== Dataset entries ==
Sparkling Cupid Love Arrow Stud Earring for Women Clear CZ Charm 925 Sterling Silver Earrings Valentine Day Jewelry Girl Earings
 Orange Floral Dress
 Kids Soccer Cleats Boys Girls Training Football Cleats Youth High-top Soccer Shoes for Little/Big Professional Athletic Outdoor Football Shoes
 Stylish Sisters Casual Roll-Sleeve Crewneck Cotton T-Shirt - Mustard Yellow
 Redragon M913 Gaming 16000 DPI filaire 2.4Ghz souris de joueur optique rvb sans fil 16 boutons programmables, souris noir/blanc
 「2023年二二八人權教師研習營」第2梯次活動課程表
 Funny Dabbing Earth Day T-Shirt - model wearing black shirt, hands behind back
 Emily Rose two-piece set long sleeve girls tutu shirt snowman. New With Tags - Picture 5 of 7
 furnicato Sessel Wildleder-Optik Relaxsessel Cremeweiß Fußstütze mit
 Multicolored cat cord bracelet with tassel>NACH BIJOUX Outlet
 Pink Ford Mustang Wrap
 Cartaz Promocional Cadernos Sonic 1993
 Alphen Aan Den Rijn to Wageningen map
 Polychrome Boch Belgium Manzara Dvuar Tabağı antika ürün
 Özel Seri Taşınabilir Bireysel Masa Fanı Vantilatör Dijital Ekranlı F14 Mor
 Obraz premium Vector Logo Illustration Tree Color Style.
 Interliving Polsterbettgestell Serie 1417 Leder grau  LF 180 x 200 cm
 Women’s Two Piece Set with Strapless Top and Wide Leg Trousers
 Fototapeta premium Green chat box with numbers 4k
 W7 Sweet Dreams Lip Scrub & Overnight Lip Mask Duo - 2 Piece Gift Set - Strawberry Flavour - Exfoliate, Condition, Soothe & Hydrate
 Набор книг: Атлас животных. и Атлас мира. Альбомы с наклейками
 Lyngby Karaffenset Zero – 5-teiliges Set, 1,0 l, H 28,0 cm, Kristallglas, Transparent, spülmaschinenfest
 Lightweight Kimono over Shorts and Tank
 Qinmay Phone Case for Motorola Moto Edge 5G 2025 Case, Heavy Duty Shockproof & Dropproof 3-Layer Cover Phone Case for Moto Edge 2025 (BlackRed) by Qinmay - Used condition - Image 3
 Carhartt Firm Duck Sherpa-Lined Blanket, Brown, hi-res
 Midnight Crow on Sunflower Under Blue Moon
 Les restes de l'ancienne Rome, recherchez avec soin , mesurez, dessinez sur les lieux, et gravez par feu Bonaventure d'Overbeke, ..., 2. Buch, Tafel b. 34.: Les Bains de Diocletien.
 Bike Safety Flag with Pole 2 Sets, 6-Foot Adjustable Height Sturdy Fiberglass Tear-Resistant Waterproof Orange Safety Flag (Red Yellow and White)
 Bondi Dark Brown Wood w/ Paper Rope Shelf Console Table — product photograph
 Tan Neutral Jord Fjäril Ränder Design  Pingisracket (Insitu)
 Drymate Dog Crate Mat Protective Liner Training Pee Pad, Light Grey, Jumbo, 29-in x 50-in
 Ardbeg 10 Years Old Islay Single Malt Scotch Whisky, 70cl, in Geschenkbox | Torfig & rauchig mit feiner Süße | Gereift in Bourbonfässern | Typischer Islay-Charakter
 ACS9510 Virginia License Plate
===
Problem to solve:
A verbatim transcription is needed of the lines above, starting at the line with "Özel Seri Taşınabilir" and ending at the line with "Interliving Polsterbettgestell Serie", both included, and of nothing else.

Reply to the task:
 Özel Seri Taşınabilir Bireysel Masa Fanı Vantilatör Dijital Ekranlı F14 Mor
 Obraz premium Vector Logo Illustration Tree Color Style.
 Interliving Polsterbettgestell Serie 1417 Leder grau  LF 180 x 200 cm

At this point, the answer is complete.